Caption-style text data:
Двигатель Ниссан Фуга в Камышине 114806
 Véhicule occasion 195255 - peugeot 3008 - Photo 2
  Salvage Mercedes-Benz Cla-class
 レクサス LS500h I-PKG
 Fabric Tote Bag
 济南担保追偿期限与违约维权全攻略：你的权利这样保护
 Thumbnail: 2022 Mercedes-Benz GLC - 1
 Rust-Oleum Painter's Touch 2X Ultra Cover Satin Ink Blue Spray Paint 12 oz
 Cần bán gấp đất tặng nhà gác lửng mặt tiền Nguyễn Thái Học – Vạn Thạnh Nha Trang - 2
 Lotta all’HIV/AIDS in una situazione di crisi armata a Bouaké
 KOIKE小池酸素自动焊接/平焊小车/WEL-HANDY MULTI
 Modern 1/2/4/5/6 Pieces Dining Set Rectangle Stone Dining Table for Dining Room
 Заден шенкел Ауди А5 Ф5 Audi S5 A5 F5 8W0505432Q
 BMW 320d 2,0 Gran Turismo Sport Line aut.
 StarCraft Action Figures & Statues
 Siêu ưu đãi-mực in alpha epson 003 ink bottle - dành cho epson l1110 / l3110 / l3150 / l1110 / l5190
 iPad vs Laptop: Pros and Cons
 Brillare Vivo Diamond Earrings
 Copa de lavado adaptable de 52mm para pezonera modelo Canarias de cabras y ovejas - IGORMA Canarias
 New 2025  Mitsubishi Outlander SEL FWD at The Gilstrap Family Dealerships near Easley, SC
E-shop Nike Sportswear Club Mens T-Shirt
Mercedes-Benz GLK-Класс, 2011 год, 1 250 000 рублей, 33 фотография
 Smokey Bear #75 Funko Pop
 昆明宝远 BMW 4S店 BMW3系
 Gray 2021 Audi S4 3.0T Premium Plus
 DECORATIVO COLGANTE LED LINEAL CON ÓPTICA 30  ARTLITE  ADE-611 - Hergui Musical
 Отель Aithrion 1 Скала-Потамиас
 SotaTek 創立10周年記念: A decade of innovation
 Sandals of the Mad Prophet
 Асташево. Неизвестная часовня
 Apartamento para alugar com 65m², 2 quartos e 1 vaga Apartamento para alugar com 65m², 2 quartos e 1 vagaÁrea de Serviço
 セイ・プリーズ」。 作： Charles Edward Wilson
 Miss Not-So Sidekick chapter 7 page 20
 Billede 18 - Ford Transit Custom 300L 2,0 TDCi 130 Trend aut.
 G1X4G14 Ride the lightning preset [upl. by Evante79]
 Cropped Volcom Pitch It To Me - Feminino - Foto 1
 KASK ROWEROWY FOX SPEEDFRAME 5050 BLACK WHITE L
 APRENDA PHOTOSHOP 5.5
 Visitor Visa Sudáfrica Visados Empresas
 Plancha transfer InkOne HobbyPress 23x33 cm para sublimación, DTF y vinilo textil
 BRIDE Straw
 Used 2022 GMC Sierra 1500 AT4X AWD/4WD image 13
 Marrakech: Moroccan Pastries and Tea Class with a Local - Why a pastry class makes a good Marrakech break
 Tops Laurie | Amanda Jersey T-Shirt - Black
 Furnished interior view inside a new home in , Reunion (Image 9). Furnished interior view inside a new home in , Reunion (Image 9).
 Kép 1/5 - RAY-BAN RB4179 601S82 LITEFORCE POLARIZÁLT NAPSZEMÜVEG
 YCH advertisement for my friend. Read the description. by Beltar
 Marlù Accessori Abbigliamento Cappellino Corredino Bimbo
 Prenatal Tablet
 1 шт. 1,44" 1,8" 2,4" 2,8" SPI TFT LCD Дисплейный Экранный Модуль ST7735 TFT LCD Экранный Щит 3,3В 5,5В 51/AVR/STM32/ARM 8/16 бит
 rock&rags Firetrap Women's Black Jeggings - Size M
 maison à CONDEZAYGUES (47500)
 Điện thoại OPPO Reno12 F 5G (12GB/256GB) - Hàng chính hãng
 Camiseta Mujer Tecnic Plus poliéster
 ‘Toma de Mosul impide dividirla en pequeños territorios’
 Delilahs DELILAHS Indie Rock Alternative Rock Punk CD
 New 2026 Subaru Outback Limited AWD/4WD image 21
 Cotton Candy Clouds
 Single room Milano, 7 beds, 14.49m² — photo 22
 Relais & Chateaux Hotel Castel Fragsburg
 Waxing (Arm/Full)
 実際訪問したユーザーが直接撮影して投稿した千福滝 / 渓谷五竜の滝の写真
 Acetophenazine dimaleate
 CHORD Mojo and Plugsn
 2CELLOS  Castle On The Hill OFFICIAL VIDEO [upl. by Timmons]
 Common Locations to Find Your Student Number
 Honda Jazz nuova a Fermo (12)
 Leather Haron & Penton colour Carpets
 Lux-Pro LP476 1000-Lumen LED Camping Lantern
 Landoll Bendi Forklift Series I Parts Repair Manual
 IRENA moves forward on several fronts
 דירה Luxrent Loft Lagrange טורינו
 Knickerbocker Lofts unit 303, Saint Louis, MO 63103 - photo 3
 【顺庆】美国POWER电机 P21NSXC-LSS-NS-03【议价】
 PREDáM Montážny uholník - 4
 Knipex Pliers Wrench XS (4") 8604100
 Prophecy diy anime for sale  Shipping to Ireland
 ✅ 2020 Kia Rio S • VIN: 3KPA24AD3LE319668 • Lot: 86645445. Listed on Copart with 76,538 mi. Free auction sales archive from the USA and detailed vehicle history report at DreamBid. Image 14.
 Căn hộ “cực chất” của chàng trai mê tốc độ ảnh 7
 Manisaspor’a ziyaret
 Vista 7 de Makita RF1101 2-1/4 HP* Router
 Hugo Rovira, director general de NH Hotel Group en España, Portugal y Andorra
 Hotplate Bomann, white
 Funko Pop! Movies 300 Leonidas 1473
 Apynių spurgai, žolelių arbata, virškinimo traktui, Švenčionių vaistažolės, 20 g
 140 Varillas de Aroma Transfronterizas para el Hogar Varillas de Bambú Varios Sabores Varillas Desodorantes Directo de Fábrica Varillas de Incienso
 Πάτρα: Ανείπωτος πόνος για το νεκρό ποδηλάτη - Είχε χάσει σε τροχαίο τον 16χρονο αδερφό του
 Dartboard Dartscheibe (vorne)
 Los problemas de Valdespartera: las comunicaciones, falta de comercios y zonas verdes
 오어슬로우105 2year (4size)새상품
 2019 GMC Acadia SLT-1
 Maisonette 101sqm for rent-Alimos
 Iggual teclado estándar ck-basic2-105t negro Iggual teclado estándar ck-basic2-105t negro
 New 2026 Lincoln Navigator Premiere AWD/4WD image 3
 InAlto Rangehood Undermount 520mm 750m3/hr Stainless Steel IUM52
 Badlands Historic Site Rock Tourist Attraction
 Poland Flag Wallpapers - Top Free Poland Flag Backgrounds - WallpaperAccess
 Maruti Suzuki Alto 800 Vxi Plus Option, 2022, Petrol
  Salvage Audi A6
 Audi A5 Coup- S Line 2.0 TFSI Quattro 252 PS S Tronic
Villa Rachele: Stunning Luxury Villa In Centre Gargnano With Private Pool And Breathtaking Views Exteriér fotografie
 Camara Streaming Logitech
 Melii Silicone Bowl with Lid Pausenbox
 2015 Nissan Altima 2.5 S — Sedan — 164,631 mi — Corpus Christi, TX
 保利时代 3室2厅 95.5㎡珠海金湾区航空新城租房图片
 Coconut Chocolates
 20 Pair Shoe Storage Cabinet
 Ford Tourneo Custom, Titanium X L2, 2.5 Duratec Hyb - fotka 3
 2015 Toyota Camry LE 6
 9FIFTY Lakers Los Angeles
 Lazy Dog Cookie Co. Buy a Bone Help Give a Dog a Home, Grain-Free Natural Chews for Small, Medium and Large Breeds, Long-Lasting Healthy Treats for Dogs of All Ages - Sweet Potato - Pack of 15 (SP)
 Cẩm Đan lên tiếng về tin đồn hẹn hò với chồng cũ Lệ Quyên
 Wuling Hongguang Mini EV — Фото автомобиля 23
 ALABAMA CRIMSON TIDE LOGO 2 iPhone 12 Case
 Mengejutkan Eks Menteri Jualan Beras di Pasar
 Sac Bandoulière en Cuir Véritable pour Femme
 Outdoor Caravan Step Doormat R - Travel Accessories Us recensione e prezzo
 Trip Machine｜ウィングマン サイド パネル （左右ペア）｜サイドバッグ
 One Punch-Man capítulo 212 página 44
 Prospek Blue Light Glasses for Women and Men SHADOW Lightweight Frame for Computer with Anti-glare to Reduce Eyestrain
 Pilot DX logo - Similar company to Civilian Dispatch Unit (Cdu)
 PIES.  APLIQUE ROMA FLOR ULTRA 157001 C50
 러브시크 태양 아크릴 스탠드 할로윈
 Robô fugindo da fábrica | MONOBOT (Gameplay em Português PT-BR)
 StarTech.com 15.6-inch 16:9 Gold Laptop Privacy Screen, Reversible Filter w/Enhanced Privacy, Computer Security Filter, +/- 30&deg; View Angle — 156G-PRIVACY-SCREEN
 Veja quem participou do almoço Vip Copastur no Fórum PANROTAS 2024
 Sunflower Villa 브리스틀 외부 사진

Instructions for the task: Once you reach the line with "Hotplate Bomann, white" in the data above, copy it and every line after it exactly, up to and including the line with "Audi A5 Coup- S".

Exercise output:
 Hotplate Bomann, white
 Funko Pop! Movies 300 Leonidas 1473
 Apynių spurgai, žolelių arbata, virškinimo traktui, Švenčionių vaistažolės, 20 g
 140 Varillas de Aroma Transfronterizas para el Hogar Varillas de Bambú Varios Sabores Varillas Desodorantes Directo de Fábrica Varillas de Incienso
 Πάτρα: Ανείπωτος πόνος για το νεκρό ποδηλάτη - Είχε χάσει σε τροχαίο τον 16χρονο αδερφό του
 Dartboard Dartscheibe (vorne)
 Los problemas de Valdespartera: las comunicaciones, falta de comercios y zonas verdes
 오어슬로우105 2year (4size)새상품
 2019 GMC Acadia SLT-1
 Maisonette 101sqm for rent-Alimos
 Iggual teclado estándar ck-basic2-105t negro Iggual teclado estándar ck-basic2-105t negro
 New 2026 Lincoln Navigator Premiere AWD/4WD image 3
 InAlto Rangehood Undermount 520mm 750m3/hr Stainless Steel IUM52
 Badlands Historic Site Rock Tourist Attraction
 Poland Flag Wallpapers - Top Free Poland Flag Backgrounds - WallpaperAccess
 Maruti Suzuki Alto 800 Vxi Plus Option, 2022, Petrol
  Salvage Audi A6
 Audi A5 Coup- S Line 2.0 TFSI Quattro 252 PS S Tronic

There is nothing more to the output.